What you need to do
Some lines of the records below include the word "field". Report how many, and write nothing besides the number.

Task data

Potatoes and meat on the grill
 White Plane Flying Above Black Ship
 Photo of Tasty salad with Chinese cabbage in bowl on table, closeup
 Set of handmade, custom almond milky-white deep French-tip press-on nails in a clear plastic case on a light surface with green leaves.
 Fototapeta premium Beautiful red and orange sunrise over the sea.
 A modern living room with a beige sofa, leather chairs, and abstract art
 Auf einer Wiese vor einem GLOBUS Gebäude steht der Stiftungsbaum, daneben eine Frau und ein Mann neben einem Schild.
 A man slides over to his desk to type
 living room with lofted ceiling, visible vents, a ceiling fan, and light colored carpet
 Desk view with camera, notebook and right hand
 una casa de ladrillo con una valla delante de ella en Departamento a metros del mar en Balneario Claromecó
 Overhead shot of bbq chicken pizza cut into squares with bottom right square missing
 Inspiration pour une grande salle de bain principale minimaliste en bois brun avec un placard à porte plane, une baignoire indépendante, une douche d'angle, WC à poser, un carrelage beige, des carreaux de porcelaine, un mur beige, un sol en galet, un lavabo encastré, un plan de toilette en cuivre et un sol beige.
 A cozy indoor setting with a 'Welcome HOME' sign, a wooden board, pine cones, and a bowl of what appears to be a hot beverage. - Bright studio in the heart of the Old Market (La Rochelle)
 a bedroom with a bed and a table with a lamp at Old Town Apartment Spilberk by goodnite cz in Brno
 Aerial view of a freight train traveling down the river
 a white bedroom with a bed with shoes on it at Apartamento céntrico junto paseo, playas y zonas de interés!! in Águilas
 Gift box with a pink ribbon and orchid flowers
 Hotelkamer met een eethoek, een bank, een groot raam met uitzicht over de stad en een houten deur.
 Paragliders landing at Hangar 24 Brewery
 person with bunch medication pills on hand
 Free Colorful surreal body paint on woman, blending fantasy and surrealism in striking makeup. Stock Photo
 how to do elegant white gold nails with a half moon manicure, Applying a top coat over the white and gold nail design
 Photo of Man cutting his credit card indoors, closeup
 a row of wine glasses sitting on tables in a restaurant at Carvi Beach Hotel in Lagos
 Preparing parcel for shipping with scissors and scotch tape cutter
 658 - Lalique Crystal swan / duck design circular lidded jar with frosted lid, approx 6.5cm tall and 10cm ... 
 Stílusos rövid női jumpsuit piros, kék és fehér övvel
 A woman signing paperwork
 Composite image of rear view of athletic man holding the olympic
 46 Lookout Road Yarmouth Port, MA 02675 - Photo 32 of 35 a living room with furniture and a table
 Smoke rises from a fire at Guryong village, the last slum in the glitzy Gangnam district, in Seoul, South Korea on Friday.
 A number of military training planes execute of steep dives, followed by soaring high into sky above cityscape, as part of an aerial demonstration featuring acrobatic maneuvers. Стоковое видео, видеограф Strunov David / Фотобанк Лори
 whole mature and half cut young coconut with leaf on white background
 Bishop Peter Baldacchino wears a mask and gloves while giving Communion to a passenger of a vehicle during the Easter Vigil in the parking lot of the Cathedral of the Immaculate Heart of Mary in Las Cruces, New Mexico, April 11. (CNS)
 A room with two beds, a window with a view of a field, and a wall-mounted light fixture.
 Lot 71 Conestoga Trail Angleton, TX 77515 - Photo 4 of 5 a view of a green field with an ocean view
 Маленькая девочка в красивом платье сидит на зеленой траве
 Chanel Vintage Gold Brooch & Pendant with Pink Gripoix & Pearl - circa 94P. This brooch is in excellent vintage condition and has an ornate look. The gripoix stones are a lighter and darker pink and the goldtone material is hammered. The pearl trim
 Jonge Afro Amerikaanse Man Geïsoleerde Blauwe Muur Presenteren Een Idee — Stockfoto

Exercise answer
2